Samstag, 19. Dezember 2009, 01:07h
Rundum betreut
Neben der rechtlichen Betreuung gibt es auch noch andere Formen der Betreuung. Beispielsweise die der „PPM“ – personenbezogene Betreuung für psychisch kranke Menschen oder die der „PBW“ - pädagogische Betreuung im eigenen Wohnraum. Beides sind Maßnahen der Eingliederungshilfe nach § 53/54 SGB XII. Die Betreuung im Rahmen einer PPM wird psychisch kranken Menschen gewährt und die Betreuung einer PBW sind bestimmt für Menschen mit geistiger Behinderung. Im Rahmen des § 54 SGB XII gibt es für Menschen mit geistiger Behinderung auch noch die Maßnahme der Wohnassistenz.
Keine Betreuung im eigentlichen Sinn ist die Maßnahme HWW § nach 70 SGB – die Hilfe zur Weiterführung des Haushalts. Eine ähnliche Hilfe, allerdings weniger umfassend, ist die hauswirtschaftliche Unterstützung, die nach § 11 SGB gewährt wird. Für Menschen mit Kindern gibt es dann schließlich noch die durch das Jugendamt gewährte Familienhilfe.
Für viele meiner Betreuten lasse ich diese verschiedenen Hilfeformen durchführen. Manche hatten diese Form der Betreuung schon bevor sie von mir gesetzlich betreut wurden, andere Betreute erhalten diese Hilfe erst durch meine Beantragung. Mit den meisten Trägern, die diese Hilfen der Betreuung anbieten, arbeite ich sehr gut zusammen.
Und dennoch – betrachtet man diese aus rechtlicher, pädagogischer und assistierender Hilfeleistung bestehende Betreuungslandschaft, macht es nachdenklich. Als ich beispielsweise vor rund 13 Jahren meine Arbeit als Betreuerin begann, waren mir gerade einmal zwei Anbieter dieser Hilfe bekannt. Inzwischen sprießen die Anbieter von PPM und PBW wie Pilze aus dem Boden.
Ein Grund für die enorme Zunahme der verschiedenen Betreuungsformen ist der Wandel der Institution Familie. Diese hat anscheinend ausgedient in Bezug auf die umfassende und verantwortungsbewußte Sorge für ihre einzelnen Mitglieder. Die Familie wurde als solche schon immer idealisiert im Hinblick auf das, was sie leistet und leisten kann.
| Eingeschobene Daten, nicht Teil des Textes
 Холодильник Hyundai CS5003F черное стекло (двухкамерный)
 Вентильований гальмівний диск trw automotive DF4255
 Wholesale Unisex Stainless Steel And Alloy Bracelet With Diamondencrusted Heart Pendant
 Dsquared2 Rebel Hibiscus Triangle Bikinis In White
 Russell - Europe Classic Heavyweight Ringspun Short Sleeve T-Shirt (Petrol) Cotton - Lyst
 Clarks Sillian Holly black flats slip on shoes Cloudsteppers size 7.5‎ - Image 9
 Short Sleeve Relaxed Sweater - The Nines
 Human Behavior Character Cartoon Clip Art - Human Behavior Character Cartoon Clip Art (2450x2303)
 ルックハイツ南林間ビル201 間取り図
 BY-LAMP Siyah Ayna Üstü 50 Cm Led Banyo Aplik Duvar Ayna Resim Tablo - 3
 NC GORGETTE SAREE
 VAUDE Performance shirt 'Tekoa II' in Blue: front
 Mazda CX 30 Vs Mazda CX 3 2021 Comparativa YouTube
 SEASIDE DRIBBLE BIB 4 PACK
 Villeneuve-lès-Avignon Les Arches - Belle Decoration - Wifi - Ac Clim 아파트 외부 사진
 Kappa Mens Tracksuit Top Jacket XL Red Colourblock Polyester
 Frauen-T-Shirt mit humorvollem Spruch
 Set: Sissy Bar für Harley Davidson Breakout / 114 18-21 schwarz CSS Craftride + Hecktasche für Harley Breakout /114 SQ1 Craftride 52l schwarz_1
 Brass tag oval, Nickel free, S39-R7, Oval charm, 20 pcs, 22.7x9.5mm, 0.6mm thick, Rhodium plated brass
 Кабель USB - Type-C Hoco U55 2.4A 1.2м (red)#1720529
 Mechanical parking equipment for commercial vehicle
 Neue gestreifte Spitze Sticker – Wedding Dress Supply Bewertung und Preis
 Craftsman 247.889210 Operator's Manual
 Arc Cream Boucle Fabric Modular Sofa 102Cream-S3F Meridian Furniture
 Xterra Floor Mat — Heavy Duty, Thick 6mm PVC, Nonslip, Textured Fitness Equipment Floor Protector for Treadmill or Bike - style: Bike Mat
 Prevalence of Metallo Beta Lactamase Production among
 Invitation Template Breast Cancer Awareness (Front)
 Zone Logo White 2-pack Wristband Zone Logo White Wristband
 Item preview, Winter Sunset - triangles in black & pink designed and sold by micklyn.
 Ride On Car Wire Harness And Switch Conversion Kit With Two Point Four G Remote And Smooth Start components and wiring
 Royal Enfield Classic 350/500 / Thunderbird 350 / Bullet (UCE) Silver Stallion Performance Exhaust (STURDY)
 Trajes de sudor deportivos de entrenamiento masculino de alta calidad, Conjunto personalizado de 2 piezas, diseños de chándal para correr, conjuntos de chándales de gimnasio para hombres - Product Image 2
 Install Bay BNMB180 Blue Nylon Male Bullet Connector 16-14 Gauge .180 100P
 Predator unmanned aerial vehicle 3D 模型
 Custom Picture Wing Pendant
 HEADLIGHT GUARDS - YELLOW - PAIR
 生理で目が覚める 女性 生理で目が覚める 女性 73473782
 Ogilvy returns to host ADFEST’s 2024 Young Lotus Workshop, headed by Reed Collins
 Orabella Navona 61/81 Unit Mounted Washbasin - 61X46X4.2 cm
Familien waren nie so heil, wie sie gern dargestellt wurden und immer schon gab es auch vernachlässigte Kinder, Gewalt und Mißhandlung, Alkoholismus, Überlastung und Familien, in denen sich ein Elternteil – meist der Vater – einfach aus dem Staub gemacht hat.
Man mag darüber sinnieren, ob diese Probleme früher genauso oft vorkamen wie die sogenannte funktionierende Familie oder ob es sich um Ausnahmen handelte. Auf jeden Fall ist jetzt eindeutig eine Zunahme dieser gesellschaftlichen Probleme zu beobachten. Und unsere Gesellschaft antwortet auf diese Probleme mit dem Angebot und der Schaffung von vielfältigen Hilfsangeboten – was zweifellos richtig und angemessen ist.
Aber wie bereits gesagt – es macht nachdenklich, daß unsere Gesellschaft sich auf dem Weg in eine Betreuungsgesellschaft begibt und anscheinend immer weniger Menschen außerstande sind, ihr Leben eigenständig ohne Hilfestellung zu bewältigen.
Medizinische Probleme behandelt man immer auf zwei Arten: man sucht nach Medikamenten und nach Ursachen. Letzteres sollte man auch im Bereich der gesellschaftlichen Probleme tun. Es reicht nicht aus, immer neue Hilfsangebote zu konstruieren. Man sollte sich endlich einmal der Frage widmen, warum so viele Menschen ihre soziale Kompetenz eingebüßt haben. Warum es immer weniger Familien gibt, die den Ansprüchen der Erziehung ihrer Kinder gewachsen sind. Warum es immer mehr psychische kranke Menschen gibt und immer mehr Suchtkranke und eine stetig steigende Kriminalität.
Wenn man sich dieser Frage verschließt, dann wird die Gesellschaft irgendwann nur noch aus zwei Gruppen bestehen: aus Betreuten und Betreuern!